I swam out, surfaced about fifty meters from the bank and saw the rest of the team submerge.  I waited, about five meters down, until they caught up.  They were navigating by gps apps built into their diving masks.  A soft glow came from around the edges of their masks that each of them look like some sort of weird cyclopean seal. 

If you're wondering how I could see so well close to midnight and fifteen meters underwater then you're paying attention.  Good for you.  Months prior I had devised a spell, with help from an elemental I had summoned, that let me see underwater.  The spell was not quite what I expected.  I could see fine underwater in any lighting condition, but I couldn't "see" the water itself.  That particular flaw in the spell design made it look like things were floating in air.  The spell was a detection or divination spell which tricked my eyes into relaying what it was detecting. Lighting isn't an issue with this spell at all.  Honestly, it would be a great spell for lifeguards, if magicians took jobs as lifeguards.  I had quickened a casting of it shortly after I mastered the technique.  It was just too useful to not have it running. Down side though, I can't see rain or snow, which can be a pain in the ass.  I also had a medical spell I had permanently enhanced myself with, which oxygenated my blood.  That clever little enchantment makes me very resistant to airborne toxins and gases, and enables me to breath underwater.  Which is just really cool.

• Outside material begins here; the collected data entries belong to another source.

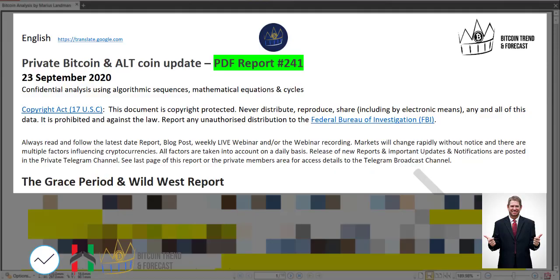Good morning wherever you are in this world. This is Marius Landman from Bitcoin Trend and Forecast here with a PDF report update number 241. I am going to show you the report that we are going to release today. Today is 23 September 2020 here in Brisbane, Australia.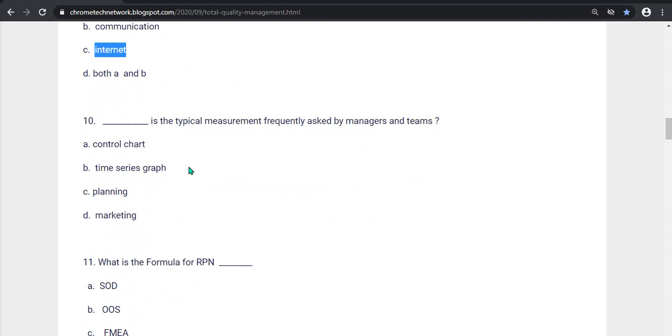Tenth question, what is the typical measurement frequently asked by managers and teams? Control chart, time series graph, planning, marketing. Option D is the correct answer. Marketing is the correct answer.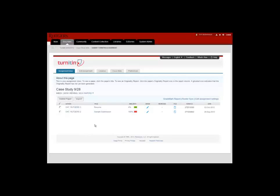The student submissions will be listed with a link to the file in the Turnitin environment, as well as a similarity index, a link to the grade mark tool. Again, this is the Turnitin grade mark tool, not the Blackboard Grade Center, as well as a link to download the original file.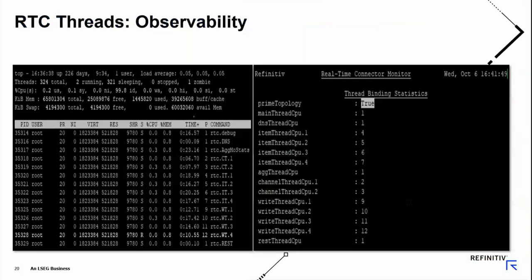I want to share one other thing here: the observability of all the threading. You can run top — that's what the left side of the screen is showing — to see all the threads in play. Thread naming was introduced back in RTDS 3.0 days and continues. New to 3.5.3 released yesterday is a thread binding statistics screen for RTDS, whether you use ADH, ADS, or RTC. In one place, you can see all the binding information. The right-hand side is the static information showing your configuration, and you can change it at runtime. You can use the top output to see the current binding.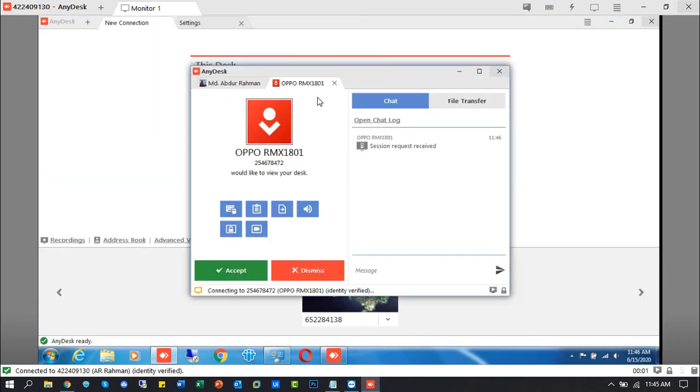Now we will connect another connection at the same time. This connection is from a mobile device.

I had a clear line of site, other than through the garbage floating in the water, for about fifty meters around me.  Our target was a long two kilometer swim toward the middle of the Puget Sound.  The little aqua drone swam ahead of us, I was on the far right side and trying to watch everywhere at once.  My water elementals were above and below me, while my companions were to my left and slightly below me and spread out about ten meters. 

Our target was a yacht that had vanished a couple of years ago.  It had once belonged to a certain organized crime boss, who had suffered a sailing mishap which sank his vessel.  Seems he and his crew never made it to shore.  Whatever our target was, it was believed to be in the yacht, stuck in the mud at the bottom of the Sound. 

We were approaching the gps coordinates Angel had dug up. Mel, Lance, and Cole were descending toward the wreck while I was watching out for things I hoped wouldn't show up.  I was worried about mermaids or sea serpents in particular, but a wayward shark could be just as bad.  I was focused on keeping my eyes out for critters which is why I didn't see the real threat right off. 

Astral perception underwater is mostly useless.  Open water is full of small organisms like shrimp and small fish. So you tend to see a cloud of living auras all around and it can be really hard to pick out individual auras in the crowd.  Imagine being crammed into a full bus, and then being asked to find one particular person on the other end of it. I wasn't watching astral space for just those reasons, so I didn't see the spirits until they manifested.  Where once there was a wreck caked with mud and littered with debris, now sat a wreck populated with seven restless spirits, ghosts in the common parlance, who seemed to take serious issue with the intrusion.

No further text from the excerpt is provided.